- _What to produce_:
If a line below falls between the line with "Banbury & Co Galvanized Steel Feeding Bowl" and the line with "Tân Tác Long", or is one of those two, output it exactly; output nothing else and no pictures.

- _Exercise material_:
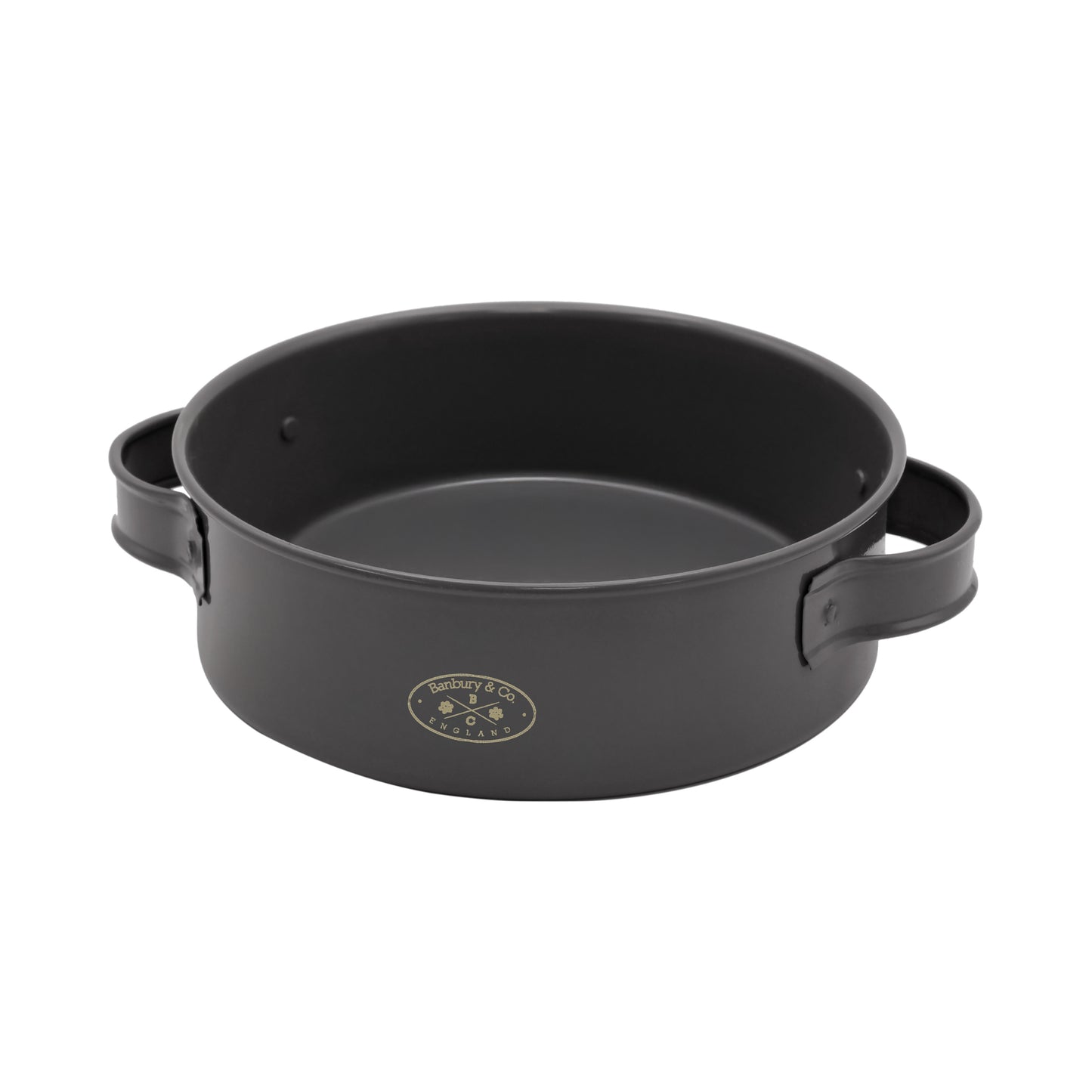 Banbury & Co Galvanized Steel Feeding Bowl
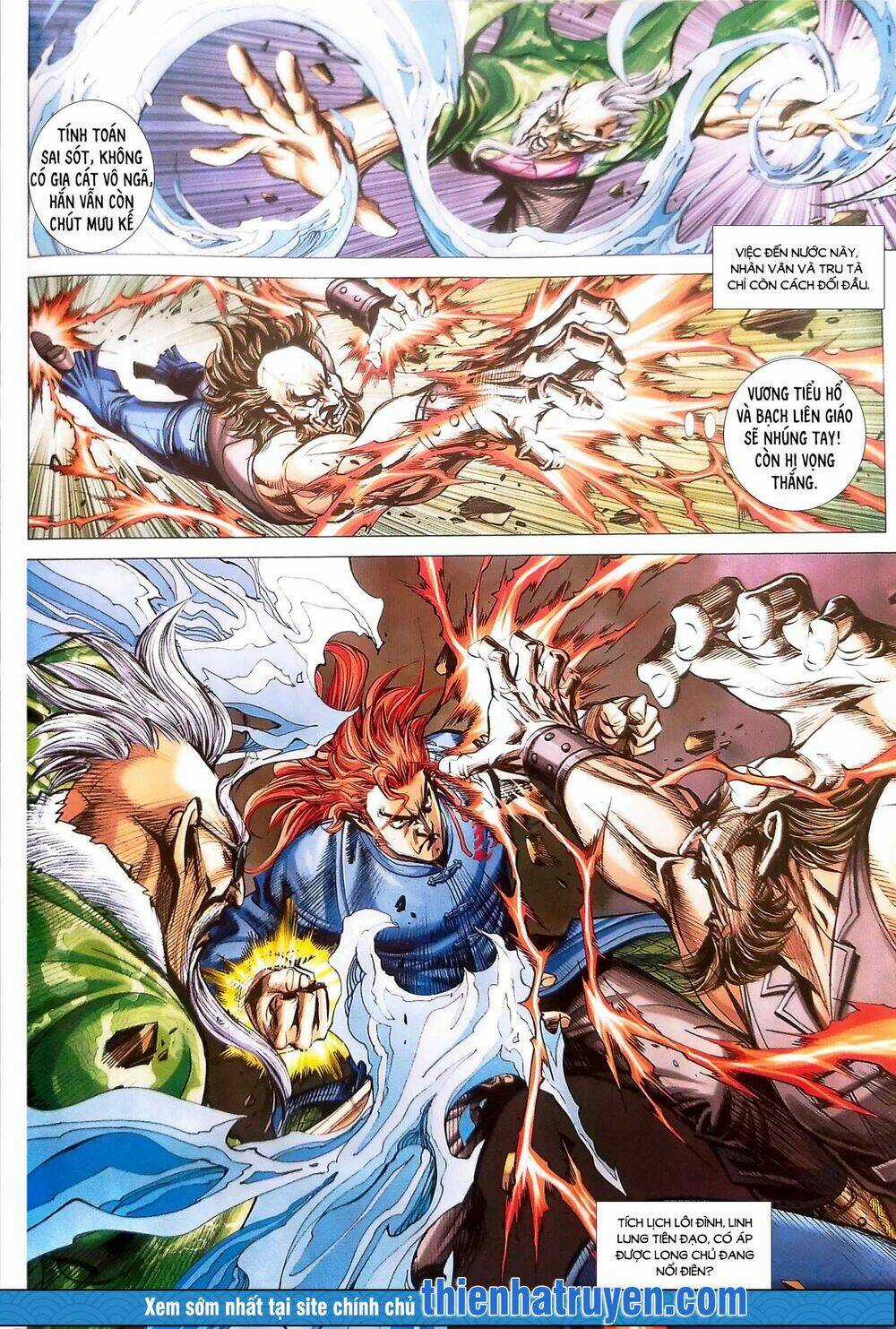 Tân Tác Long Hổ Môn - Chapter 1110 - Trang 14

* * *

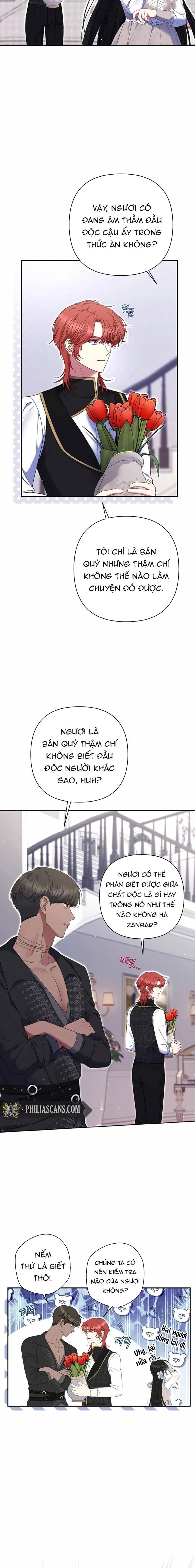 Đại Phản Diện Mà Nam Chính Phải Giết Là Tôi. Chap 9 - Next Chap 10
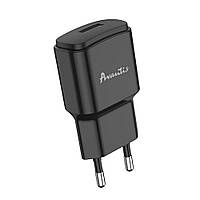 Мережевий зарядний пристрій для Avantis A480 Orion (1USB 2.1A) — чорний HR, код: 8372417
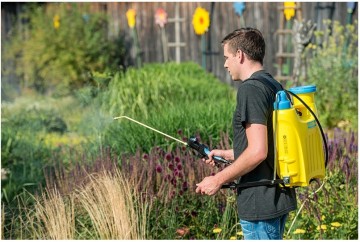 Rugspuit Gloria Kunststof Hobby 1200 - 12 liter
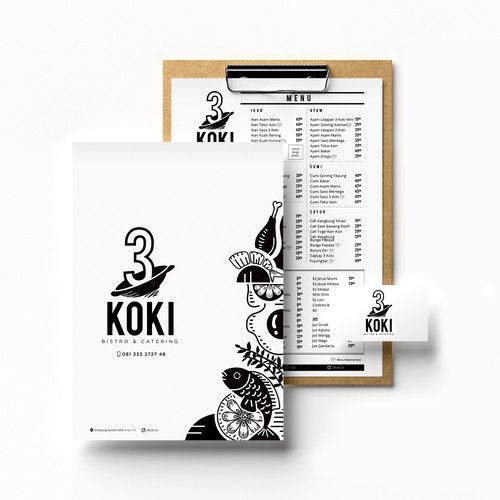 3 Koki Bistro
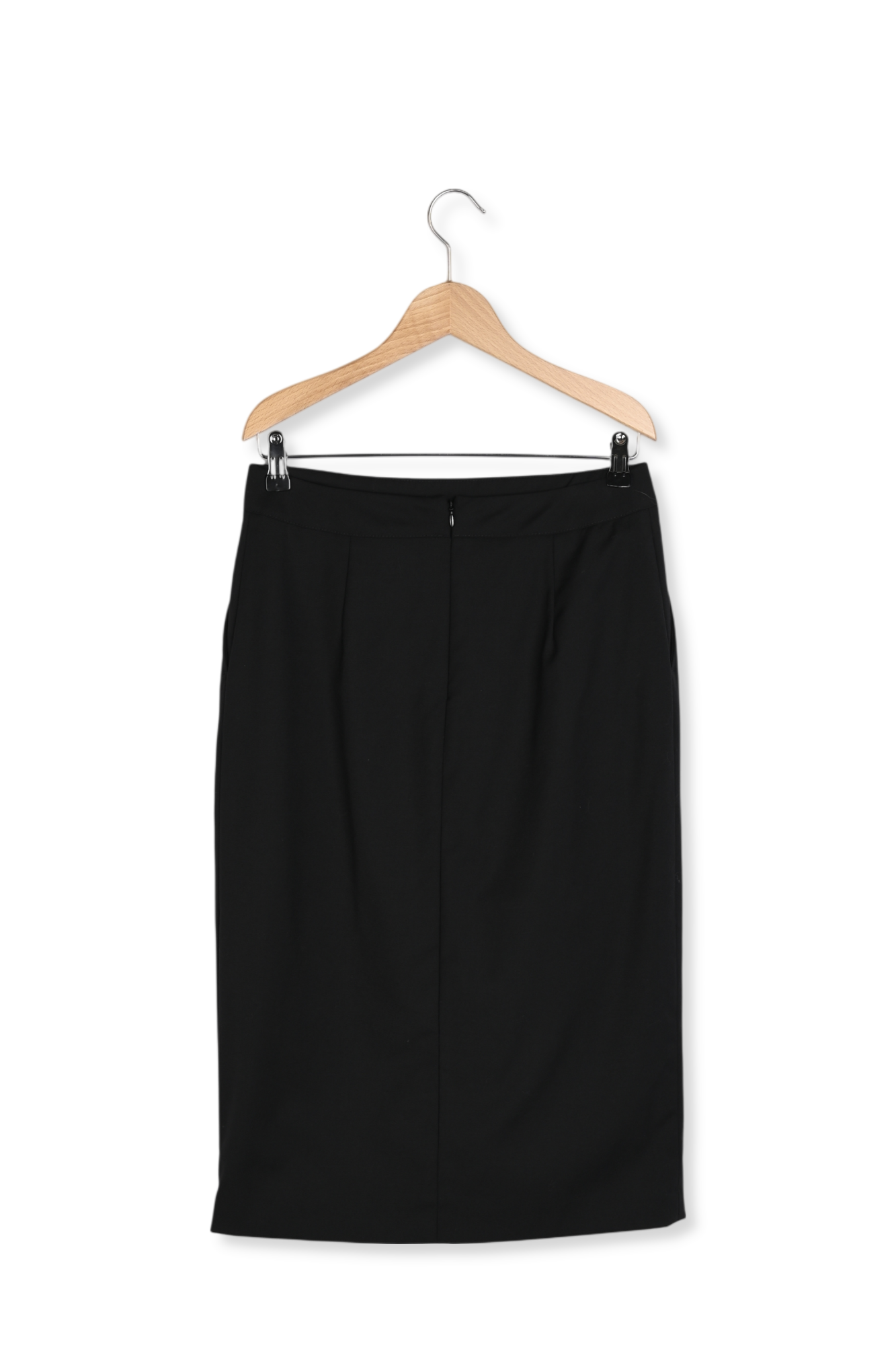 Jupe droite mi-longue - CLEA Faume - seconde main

---

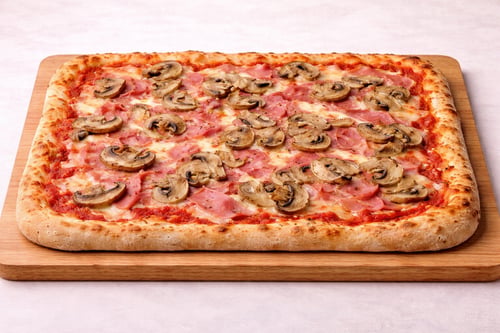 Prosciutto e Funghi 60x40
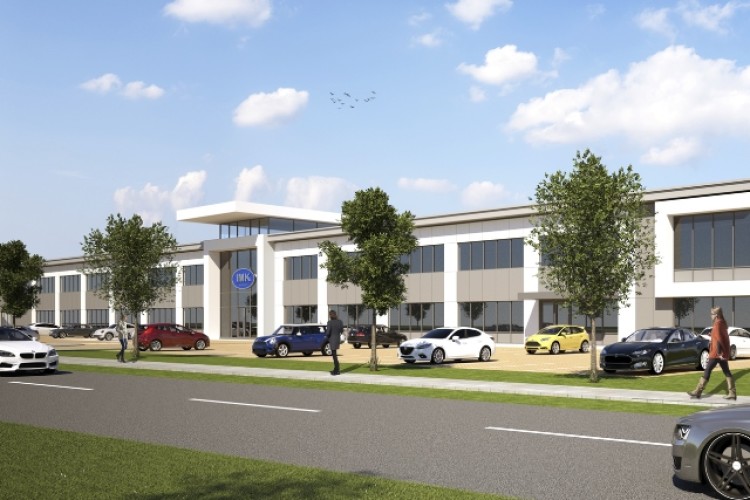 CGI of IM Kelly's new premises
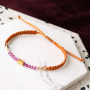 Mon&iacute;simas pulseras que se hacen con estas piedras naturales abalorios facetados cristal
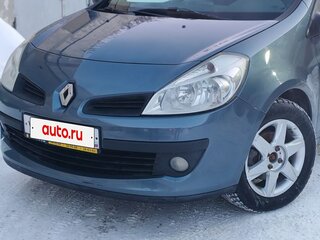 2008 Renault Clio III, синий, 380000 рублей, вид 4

- _Exercise output_:
 Banbury & Co Galvanized Steel Feeding Bowl
 Tân Tác Long Hổ Môn - Chapter 1110 - Trang 14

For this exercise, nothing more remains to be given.